Can I Afford the Loan?

It is really important to make sure that you can afford the loan that you are taking out. It is vital that you find out how much the monthly repayments will be and look at your bank statements to see whether that is an amount that you will be able to afford. Payday lenders such as display this information via a representative example. So you can see specifically how much your loan is likely to cost you. You may find it hard to work out, but if you call customer services they will be able to tell you how much you will pay. If you have a variable rate of interest though, the amount you pay could go up when the base rate changes. It could be worth asking how much it will go up if interest rates rise so that you can be prepared for this. Then you will need to take your bank statements and take a look at how much money you have coming in each month and how much you spend each month. You will then be able to see whether you would normally have enough to be able to afford the repayments. If you do not, then you need to think about what you might do in order to be able to afford them. Think about whether there are things that you could give up in order to afford it or whether you will just not be able to manage.

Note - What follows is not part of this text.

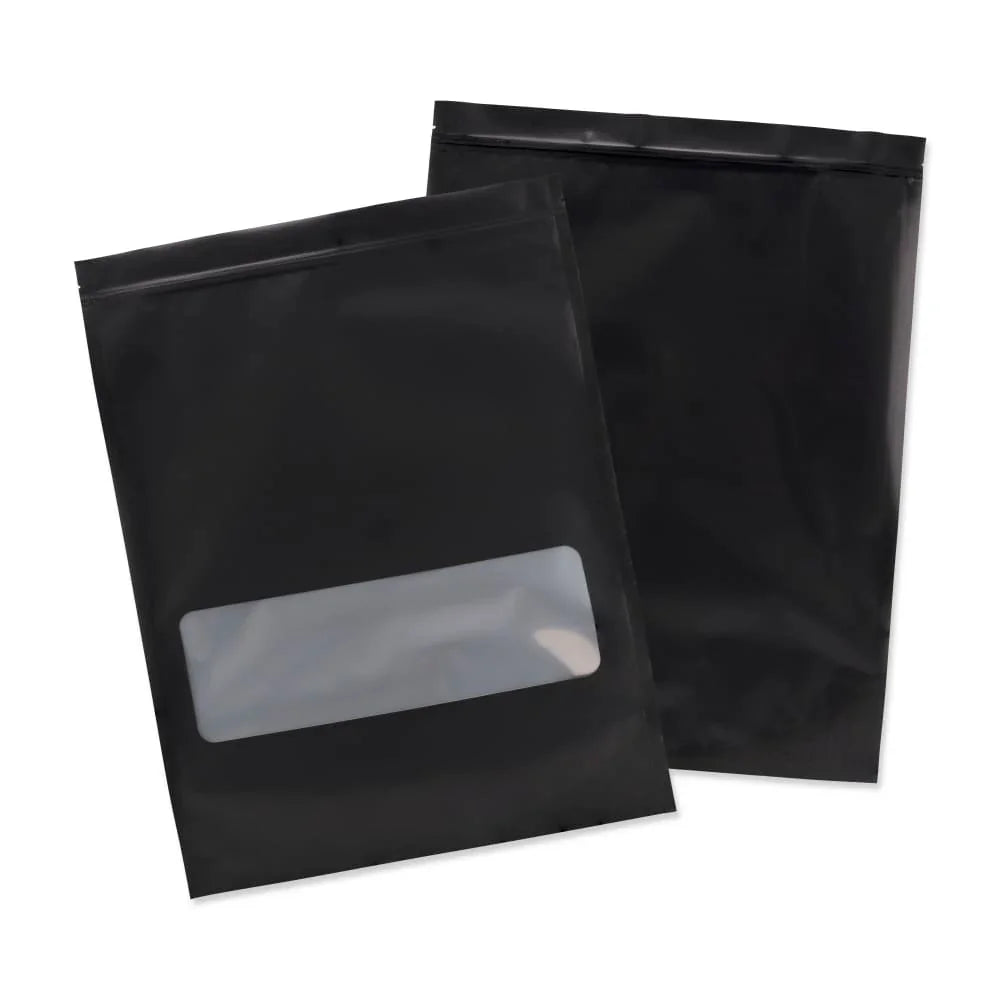 Loud Lock 1 Pound Mylar Smell Proof Vacuum Seal Bags – 100ct - Stoner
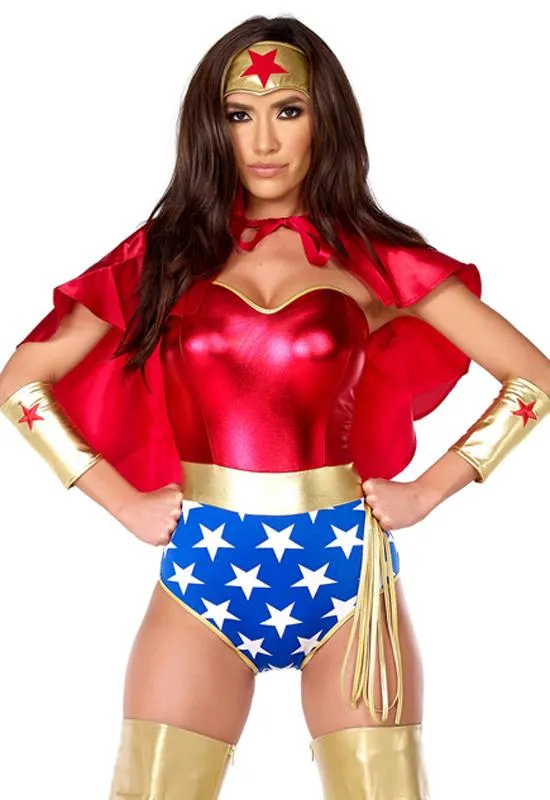 FP-995524 Red Superhero Cape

Will I Afford it if Interest Rates Rise?

It is always worth planning for rate increases as well. If you have a fixed rate loan then any change in rate will not make any difference. However, if you have a variable rate, then an increase in the base rate is likely to mean that there will be an increase in the amount that you end up paying. It is wise to try to work out whether you will be able still afford the repayments. If you have already had to consider changing the way that you spend money in order to afford the repayments at the current rate then you may struggle even more if the rates go up. Make sure that you have a plan in place so that you know exactly what you will do if this situation happens. If you do not think that you will be able to reduce your spending then you will have to think about ways to make more money in order to afford the repayments. This may be easier for some people than others and you will need to be confident that you will be able to do this before taking on the loan.

So, it is not necessarily a bad thing to take on a loan when the rates are rising but you need to make sure that you are going to be able to do this. You will need to be aware of how much it will cost you and whether you will be able to afford those repayments. Then consider how much more expensive they might be if the rates go up and whether you will be able to afford them now. Although this can be a bit tricky to do, it is well worth spending the time to do the research so that you can go into the loan knowing that you will be able to afford it regardless of rate changes. That is, of course, as long as you are able to justify taking out the loan in the first place and there are no other possible options.